Sure I want to send all sorts of goodies too,but that money can be best put towards helping 3 fluffs maybe..


I think she got a dose of reality 101 

on the horrors many of us see thought SM due to the rescue efforts we're involved in.
whe I joined SM,I had no idea of the exposure I'd see ,pertaining to rescue.
I'd been involved locally in rescues and shelters in my own way.

I think when people join dog forums,depending on the forum members,they aren't exposed to it much.
One I'm on is small and we had a lady whose fluff got very sick and w/ only 100 members at that time,we pulled together and helpd her pay the vet bill.
Then someone wisely posted about Daisy and it really made people think more about rescues...

Many dog owners I know arent' rich pampered ladies,but they still have no idea other than the occational HSUS commercial about what is happening to so many fluffies ,cats too...


----------



## smlcm (Oct 11, 2009)

*We need the Maltese lovers to take in a rescue.*

The hardest part of rescuing is finding good fosters and good homes to place the rescues. The kind of fosters that work and the forever homes that we need are those that have experience of raising and caring for a dog - preferably any non-shedding breed. These are tough times for all dogs - euth rates are through the roof. It's not always the 'right' time to have an extra dog - but perhaps exceptions can be made under exceptional circumstances. The dogs that I brought from Australia that I have had since they were 8 weeks old love me, but they do take the good life for granted because they have never known a difference. I can't make a move through the house without one of my rescues heeling at my side. My Lambchop came to me at the age of eight - a victim of horrible abuse - tied to a bed all day she would just pee where she stood. Two years later, she proudly trots inside after her backyard pee and gets a round of applause. She waits on my husband's chest in the morning for his eyes to open and when they do she starts to lick his face all over with her tail swishing so hard she could levitate off the bed. There's an incredible pride that comes with adopting a rescue - they really change you - blow your heart apart with their resilience and will and openness to love a human again. So, please dog fanatics - open up the homes like in Gone With the Wind during the Civil War. Things are different now. Make sure you go into any store selling puppies and give them a piece of your mind. Say a big NO to puppy mills - show them a picture of Hope at her frailest and tell them that's the mother. This is my call to arms.


----------



## Snowball Pie's Mommi (Oct 16, 2008)

michellerobison said:


> IT was sweet that she did that,buying something for a fluff in need. I don't think people who arent' exposed to the horrors have an idea of the priorities..
> Sure I want to send all sorts of goodies too,but that money can be best put towards helping 3 fluffs maybe..
> 
> 
> ...


Christine, I like what Michelle says here. It makes a lot of sense to me. 
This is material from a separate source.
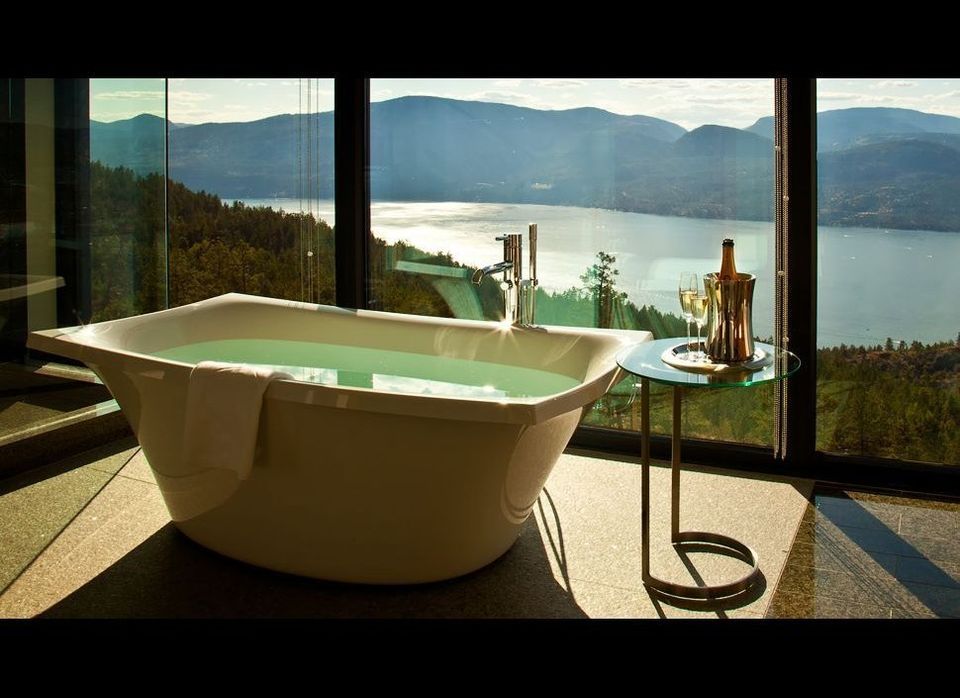British Columbia: Sparkling Hill Resort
And, especially after tuning in more to the rescues of Daisy and Snuggles ... I myself didn't realize how bad the situations are in regard to so many of these so called shelters. Then there is the process that follows after pulling a dog from the shelter ... the vet care ... and, the foster care. All of these steps take money. Often a lot of money.

I don't know who sent you the PM that upset you. And, I don't care to know. I'm thinking that the person who PM'd you, could have perhaps used a better choice of words to express how they felt about the gifts intended for Daisy ... but, I also don't know what was specifically said, so that would be unfair of me to make assumptions. 
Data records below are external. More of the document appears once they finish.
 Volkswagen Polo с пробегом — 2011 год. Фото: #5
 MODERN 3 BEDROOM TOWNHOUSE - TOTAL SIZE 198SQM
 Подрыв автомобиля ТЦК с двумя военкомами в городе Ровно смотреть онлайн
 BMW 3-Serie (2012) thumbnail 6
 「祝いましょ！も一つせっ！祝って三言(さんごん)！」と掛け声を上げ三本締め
I must be honest in sharing ... that although the gifts are very lovely, and I am sure were meant to be well intended ... my first thought was, when looking at the harness, how the person would know the exact size that Daisy could wear. Even Snowball was sent a harness one time, and I loved it ... but, it was way too big for him. Needless to say, I was disappointed. But, I was happy to donate it to another doggie who could use it. And, for those of us who have been following Daisy's story closely, we are aware that Daisy has to gain weight. But, how much? And, how much does she weigh now? Can she wear a harness at all? I imagine she has injuries that might take a while to heal. You see, even with me, there are a lot more details that I'd like to learn about Daisy. 

As for the beautiful bed ... if it were me, I would want to know if Deb already had a bed for Daisy. Once I was going to order some pretty things for Deb's fluffs ... like your friend did ... but, I sent Deb a check instead. I figured Deb knew best what she needed for her fluff babies. 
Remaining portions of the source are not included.